What needs to be done: Only the lines below between the one holding "Zinc Alloy Creep" and the one holding "Daffodil Stained Glass Door Panel", inclusive, are to be reproduced word for word; the pictures are to be left out.

Input:
•••••

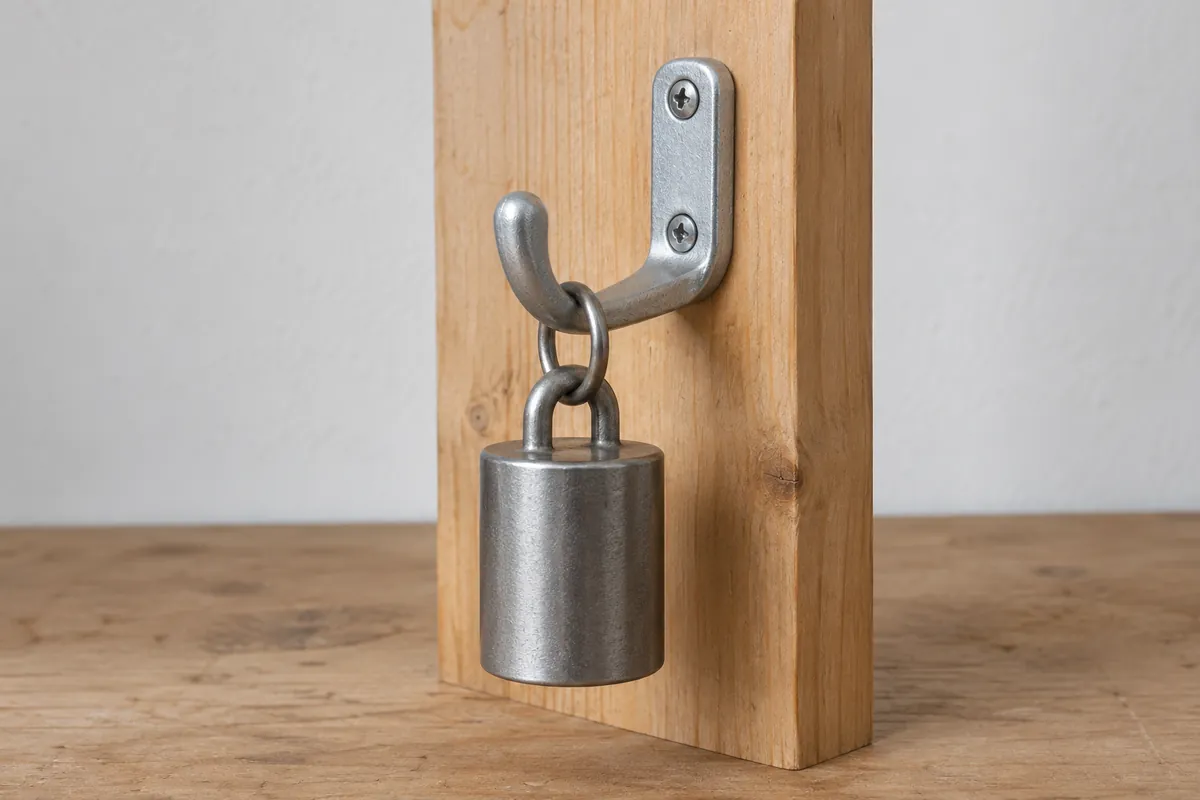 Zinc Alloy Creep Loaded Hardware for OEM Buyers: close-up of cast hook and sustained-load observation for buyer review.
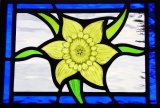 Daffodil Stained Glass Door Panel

•••••

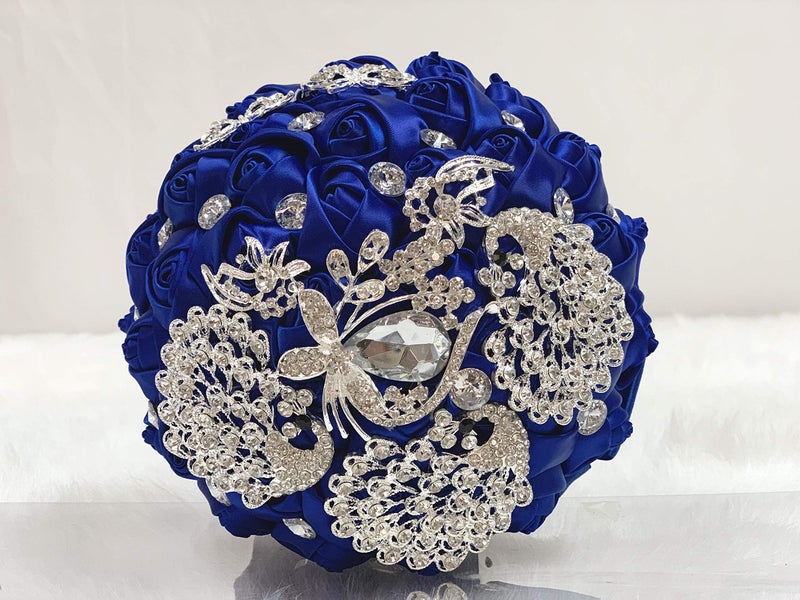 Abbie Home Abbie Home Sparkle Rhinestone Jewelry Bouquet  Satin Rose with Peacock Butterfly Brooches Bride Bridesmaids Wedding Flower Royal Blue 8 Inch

•••••

Result:
 Zinc Alloy Creep Loaded Hardware for OEM Buyers: close-up of cast hook and sustained-load observation for buyer review.
 Daffodil Stained Glass Door Panel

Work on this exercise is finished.